# WHAT YOU WILL DO
Scan the records beneath this line for the line holding "Deus Ex Machina Gaucho T-shirt Blue Heren" and the line holding "AB/R115/120A - 115mm", then transcribe exactly those two and all lines between.

# THE DATA
****

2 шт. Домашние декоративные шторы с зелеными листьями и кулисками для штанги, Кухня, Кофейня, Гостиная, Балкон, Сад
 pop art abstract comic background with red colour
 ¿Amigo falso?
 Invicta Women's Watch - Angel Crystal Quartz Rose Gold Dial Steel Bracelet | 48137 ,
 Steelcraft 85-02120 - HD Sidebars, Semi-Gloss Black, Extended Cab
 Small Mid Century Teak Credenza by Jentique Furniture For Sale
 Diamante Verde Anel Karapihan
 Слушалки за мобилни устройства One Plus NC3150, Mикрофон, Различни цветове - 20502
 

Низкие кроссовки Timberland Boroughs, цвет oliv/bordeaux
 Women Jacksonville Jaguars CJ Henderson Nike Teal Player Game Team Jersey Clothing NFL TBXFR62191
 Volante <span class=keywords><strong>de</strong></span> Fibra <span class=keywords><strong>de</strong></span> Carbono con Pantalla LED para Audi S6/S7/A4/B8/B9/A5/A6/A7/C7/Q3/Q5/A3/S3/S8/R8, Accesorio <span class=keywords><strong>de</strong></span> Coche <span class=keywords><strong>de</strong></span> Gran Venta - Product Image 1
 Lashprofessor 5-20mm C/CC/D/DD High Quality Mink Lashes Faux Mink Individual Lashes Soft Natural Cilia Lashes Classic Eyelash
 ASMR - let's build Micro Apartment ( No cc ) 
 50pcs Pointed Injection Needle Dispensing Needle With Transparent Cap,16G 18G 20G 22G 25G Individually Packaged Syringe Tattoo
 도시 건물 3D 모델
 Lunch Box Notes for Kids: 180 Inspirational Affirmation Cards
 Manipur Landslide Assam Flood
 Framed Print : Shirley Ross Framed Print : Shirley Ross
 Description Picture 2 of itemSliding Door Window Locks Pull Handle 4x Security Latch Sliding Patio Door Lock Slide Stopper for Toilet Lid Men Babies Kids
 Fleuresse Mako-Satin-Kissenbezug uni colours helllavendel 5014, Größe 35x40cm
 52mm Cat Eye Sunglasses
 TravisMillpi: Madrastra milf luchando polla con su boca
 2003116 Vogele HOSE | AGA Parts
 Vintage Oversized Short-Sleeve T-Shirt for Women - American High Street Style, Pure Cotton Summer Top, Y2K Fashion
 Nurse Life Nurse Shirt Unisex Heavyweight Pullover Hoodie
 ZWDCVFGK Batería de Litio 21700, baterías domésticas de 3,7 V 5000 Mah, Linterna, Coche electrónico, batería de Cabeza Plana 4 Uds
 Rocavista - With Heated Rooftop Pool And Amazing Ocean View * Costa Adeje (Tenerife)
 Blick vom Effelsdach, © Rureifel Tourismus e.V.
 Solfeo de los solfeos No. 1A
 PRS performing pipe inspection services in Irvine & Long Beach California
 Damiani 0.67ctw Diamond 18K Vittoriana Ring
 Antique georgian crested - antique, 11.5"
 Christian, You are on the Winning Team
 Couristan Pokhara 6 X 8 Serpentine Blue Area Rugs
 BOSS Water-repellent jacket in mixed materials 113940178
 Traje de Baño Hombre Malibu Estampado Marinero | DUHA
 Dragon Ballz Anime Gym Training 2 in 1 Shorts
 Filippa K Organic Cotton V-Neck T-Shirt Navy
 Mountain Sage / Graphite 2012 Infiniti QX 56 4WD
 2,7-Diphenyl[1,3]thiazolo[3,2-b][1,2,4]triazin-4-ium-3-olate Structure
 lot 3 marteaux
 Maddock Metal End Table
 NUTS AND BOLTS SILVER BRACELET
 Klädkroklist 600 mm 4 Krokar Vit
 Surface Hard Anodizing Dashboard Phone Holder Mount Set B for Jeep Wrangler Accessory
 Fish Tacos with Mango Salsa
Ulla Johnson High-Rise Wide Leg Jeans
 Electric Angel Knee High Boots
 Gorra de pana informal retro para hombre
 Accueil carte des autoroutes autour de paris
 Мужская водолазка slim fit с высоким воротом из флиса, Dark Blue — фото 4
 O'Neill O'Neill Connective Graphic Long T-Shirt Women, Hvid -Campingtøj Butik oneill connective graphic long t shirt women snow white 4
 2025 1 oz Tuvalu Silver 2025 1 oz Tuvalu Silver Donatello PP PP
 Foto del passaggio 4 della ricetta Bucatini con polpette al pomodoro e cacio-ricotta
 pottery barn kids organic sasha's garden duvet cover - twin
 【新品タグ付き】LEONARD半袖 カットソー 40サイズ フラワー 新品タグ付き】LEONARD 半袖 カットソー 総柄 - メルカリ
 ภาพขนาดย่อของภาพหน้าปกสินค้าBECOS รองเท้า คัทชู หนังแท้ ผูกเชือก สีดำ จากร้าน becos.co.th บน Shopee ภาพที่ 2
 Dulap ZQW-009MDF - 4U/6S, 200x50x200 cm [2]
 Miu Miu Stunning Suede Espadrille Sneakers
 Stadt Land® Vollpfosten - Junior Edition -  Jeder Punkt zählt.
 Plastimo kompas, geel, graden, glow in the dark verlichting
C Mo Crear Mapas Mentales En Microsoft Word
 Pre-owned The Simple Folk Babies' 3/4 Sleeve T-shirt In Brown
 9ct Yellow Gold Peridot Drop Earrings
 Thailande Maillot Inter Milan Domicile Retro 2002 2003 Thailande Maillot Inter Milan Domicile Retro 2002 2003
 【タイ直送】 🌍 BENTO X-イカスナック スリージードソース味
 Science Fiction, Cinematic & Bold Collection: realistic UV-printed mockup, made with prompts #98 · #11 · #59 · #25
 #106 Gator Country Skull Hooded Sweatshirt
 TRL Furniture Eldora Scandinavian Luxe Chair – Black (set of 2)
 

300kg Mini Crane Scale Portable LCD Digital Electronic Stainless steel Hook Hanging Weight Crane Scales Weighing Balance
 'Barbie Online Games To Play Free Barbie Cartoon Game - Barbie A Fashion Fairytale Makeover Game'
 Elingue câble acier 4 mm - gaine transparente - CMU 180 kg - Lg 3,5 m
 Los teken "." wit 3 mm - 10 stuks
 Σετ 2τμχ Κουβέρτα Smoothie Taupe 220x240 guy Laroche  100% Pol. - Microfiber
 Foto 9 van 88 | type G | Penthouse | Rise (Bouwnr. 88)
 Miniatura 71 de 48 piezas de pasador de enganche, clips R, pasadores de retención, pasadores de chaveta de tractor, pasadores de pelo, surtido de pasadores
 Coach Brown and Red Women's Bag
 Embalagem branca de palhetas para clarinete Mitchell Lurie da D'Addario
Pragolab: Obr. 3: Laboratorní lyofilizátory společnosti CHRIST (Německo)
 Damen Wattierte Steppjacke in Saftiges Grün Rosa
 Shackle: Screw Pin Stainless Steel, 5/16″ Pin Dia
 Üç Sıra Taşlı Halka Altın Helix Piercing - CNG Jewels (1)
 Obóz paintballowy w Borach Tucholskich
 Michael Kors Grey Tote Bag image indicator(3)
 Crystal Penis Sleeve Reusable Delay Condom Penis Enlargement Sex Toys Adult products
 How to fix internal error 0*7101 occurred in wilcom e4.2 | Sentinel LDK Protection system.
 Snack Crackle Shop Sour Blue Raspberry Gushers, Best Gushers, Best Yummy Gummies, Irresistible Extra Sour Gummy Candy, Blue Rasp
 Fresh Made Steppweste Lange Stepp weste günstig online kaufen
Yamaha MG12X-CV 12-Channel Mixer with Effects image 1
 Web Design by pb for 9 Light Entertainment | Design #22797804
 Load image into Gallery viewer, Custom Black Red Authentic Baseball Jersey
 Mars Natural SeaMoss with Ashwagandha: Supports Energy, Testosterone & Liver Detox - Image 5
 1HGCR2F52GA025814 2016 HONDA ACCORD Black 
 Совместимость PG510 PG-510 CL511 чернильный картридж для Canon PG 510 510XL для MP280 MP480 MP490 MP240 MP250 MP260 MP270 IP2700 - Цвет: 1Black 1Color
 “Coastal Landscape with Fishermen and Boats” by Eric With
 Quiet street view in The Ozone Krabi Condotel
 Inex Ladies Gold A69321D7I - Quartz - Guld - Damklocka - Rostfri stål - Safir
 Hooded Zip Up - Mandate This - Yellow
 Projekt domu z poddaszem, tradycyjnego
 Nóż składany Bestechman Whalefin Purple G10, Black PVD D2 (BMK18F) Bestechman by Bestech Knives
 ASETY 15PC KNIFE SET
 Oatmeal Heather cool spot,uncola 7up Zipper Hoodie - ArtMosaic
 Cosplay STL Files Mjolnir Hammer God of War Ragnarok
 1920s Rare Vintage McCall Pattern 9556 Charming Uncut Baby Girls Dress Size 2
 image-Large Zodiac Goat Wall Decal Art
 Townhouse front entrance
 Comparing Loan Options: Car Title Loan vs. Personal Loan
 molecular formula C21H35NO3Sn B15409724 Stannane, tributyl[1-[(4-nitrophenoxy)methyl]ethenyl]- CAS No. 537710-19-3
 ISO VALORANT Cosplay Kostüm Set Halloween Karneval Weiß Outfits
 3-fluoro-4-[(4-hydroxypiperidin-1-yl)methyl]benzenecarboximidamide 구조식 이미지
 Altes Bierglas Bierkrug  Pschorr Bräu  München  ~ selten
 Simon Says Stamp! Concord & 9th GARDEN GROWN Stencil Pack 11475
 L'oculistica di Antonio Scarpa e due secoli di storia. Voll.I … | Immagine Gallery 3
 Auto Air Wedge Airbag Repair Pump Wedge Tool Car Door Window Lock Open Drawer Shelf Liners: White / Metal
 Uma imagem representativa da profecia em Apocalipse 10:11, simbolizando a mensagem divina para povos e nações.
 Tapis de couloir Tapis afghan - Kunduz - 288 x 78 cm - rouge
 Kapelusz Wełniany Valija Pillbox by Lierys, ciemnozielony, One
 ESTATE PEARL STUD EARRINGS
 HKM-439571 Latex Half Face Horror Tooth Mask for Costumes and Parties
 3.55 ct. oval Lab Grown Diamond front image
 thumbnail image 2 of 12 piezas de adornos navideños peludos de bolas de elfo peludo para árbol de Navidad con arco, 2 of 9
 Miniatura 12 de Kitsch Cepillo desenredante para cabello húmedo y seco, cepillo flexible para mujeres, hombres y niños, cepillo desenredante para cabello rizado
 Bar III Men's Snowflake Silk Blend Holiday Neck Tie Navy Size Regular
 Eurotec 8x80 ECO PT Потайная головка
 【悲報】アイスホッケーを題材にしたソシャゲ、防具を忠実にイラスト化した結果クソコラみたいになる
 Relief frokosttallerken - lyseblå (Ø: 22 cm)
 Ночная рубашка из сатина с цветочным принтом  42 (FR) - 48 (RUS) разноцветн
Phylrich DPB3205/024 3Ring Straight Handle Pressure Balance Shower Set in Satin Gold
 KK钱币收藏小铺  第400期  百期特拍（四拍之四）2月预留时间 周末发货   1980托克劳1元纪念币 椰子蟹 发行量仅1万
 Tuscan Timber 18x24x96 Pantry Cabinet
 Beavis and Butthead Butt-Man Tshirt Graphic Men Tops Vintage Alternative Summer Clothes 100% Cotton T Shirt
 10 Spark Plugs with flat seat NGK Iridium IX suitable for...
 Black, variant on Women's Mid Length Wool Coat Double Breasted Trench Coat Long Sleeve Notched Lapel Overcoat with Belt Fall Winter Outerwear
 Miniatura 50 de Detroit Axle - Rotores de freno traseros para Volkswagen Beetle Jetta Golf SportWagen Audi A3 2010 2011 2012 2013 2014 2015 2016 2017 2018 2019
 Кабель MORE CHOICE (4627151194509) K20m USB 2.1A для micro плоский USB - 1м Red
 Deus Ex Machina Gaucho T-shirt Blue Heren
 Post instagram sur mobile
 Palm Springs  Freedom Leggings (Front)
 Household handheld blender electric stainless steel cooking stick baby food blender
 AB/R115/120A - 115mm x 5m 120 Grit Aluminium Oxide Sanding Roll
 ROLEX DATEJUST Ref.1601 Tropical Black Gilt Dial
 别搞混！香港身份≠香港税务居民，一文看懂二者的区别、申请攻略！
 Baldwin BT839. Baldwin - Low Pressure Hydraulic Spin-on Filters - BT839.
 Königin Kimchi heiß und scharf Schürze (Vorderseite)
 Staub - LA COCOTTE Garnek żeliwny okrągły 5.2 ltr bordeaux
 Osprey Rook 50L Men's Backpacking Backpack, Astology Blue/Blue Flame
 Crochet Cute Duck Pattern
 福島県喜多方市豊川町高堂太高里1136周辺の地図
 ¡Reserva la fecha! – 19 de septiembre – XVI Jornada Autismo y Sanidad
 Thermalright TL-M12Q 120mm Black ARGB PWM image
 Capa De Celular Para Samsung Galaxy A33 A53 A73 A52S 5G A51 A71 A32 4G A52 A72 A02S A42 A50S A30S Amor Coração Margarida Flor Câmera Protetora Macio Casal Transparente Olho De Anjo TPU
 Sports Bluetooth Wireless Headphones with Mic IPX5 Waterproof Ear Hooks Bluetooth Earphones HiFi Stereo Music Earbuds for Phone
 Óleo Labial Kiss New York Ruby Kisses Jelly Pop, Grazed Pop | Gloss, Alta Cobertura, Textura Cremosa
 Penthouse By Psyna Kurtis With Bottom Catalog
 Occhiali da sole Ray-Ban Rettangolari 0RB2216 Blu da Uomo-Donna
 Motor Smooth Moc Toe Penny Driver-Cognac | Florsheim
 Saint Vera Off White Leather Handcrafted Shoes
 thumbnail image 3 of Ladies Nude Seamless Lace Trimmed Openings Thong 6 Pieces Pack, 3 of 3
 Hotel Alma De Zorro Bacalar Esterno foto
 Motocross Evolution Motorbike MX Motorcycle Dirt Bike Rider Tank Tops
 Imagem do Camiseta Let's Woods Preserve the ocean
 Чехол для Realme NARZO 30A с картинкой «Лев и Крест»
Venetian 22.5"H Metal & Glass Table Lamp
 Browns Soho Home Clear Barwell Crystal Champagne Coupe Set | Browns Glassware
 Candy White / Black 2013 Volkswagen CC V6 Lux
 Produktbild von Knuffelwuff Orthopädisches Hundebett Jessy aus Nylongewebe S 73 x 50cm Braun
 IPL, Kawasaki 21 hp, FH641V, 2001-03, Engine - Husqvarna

****

# ANSWER TO THIS EXERCISE
 Deus Ex Machina Gaucho T-shirt Blue Heren
 Post instagram sur mobile
 Palm Springs  Freedom Leggings (Front)
 Household handheld blender electric stainless steel cooking stick baby food blender
 AB/R115/120A - 115mm x 5m 120 Grit Aluminium Oxide Sanding Roll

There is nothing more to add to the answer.